In 2017, only three Giants — the since-departed Damon Harrison, Landon Collins and Olivier Vernon — kneeled during the anthem. Three years later, the Giants’ biggest star, Saquon Barkley, stood.
“We came to an agreement as a team that it’s your right to make your own decision,” Barkley said. “For me, I respect everyone that kneeled and I respect everything that is going on, but I wanted to continue to fall back on what I’m able to do in my community and try to be a leader in that aspect and try to make change that way.”
The Giants stood spread across the goal line during the playing of “Lift Every Voice and Sing” about 25 minutes before kickoff. Lorenzo Carter, one of the most outspoken Giants on racism, was in tears as the team returned to the locker room.
A video simultaneously played on the stadium big screens showing highlights of players’ community service work involved in the #TogetherBlue campaign to address areas such as poverty, homelessness, education, substance abuse, criminal justice and police-community relations. The Steelers remained in the locker room during that moment.
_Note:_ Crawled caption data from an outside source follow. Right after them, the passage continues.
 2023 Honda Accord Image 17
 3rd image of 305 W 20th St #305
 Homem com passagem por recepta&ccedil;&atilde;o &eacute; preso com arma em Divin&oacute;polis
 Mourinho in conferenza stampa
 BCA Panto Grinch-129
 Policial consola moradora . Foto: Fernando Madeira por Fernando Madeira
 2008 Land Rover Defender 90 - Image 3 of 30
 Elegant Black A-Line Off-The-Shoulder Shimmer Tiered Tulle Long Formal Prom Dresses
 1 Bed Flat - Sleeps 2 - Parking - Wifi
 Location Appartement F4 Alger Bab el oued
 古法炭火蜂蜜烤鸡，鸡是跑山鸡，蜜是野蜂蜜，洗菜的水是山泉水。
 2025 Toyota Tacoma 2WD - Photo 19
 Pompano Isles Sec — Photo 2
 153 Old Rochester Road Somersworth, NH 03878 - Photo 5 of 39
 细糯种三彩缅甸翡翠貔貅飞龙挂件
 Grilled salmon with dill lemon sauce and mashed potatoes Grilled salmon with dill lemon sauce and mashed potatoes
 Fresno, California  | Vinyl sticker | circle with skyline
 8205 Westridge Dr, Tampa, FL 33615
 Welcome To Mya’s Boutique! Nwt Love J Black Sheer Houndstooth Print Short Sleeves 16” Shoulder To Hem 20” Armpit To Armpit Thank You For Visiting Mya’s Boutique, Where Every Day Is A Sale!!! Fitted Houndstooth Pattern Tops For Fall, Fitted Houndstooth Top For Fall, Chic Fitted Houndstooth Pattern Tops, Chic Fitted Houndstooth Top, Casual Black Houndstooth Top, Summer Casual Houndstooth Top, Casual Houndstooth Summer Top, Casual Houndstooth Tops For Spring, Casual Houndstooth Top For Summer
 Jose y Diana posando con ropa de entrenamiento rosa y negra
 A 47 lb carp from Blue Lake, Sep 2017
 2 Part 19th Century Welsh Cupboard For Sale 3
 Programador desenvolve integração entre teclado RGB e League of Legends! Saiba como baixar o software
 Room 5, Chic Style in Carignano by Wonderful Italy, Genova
“We’ve had a number of discussions as a team leading up to this week and dating back to the spring,” quarterback Daniel Jones said. “That was the way we felt the most appropriate to go about it.”
Hours before kickoff, several Giants, including quarterback Daniel Jones, warmed up in black T-shirts that read “Injustice against one of us is injustice against all of us” on the front and “End Racism” on the back. They were designed by former Giants captain Michael Thomas, now a safety for the Houston Texans.